* _SUPPLIED DATA_:
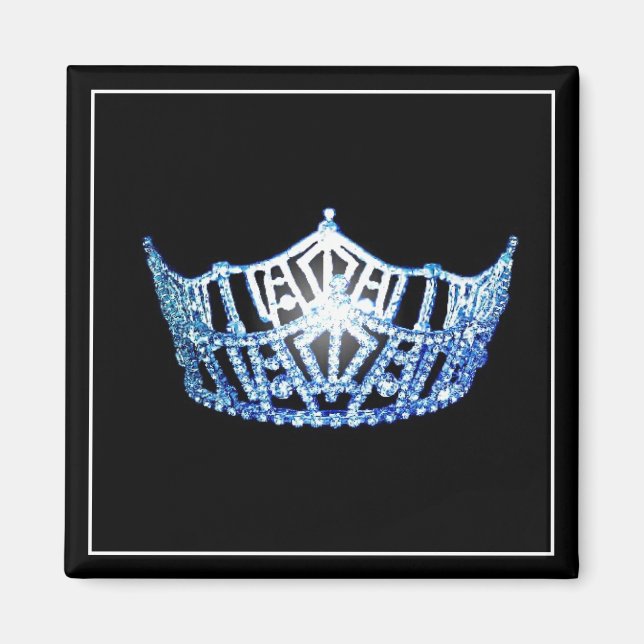 Miss America Blue Crown Square Magnet (Devant)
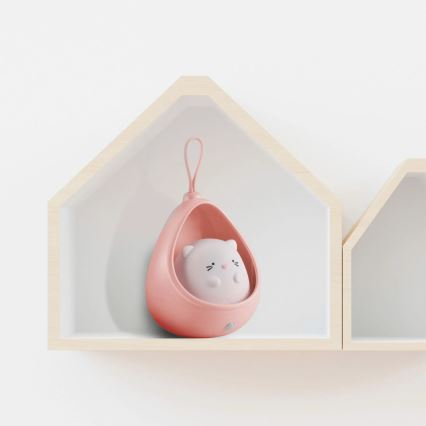 LED Otroška orientacijska lučka s senzorjem KITTY LED/0,5W/5V USB roza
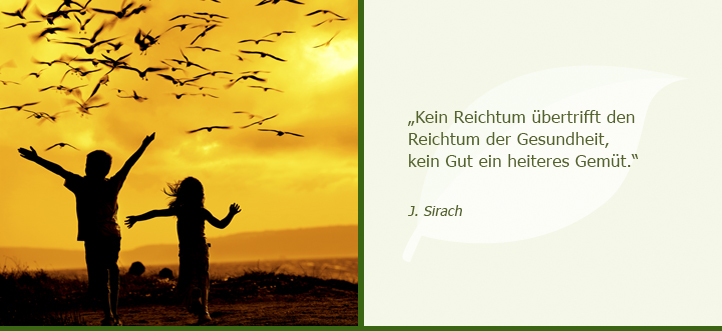 Kein Reichtum übertrifft den Reichtum der Gesundheit, kein Gut ein heiteres Gemüt.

* _PROBLEM DESCRIPTION_:
The answer must be the listing above, restated word for word, with no images in it.

* _TASK RESULT_:
 Miss America Blue Crown Square Magnet (Devant)
 LED Otroška orientacijska lučka s senzorjem KITTY LED/0,5W/5V USB roza
 Kein Reichtum übertrifft den Reichtum der Gesundheit, kein Gut ein heiteres Gemüt.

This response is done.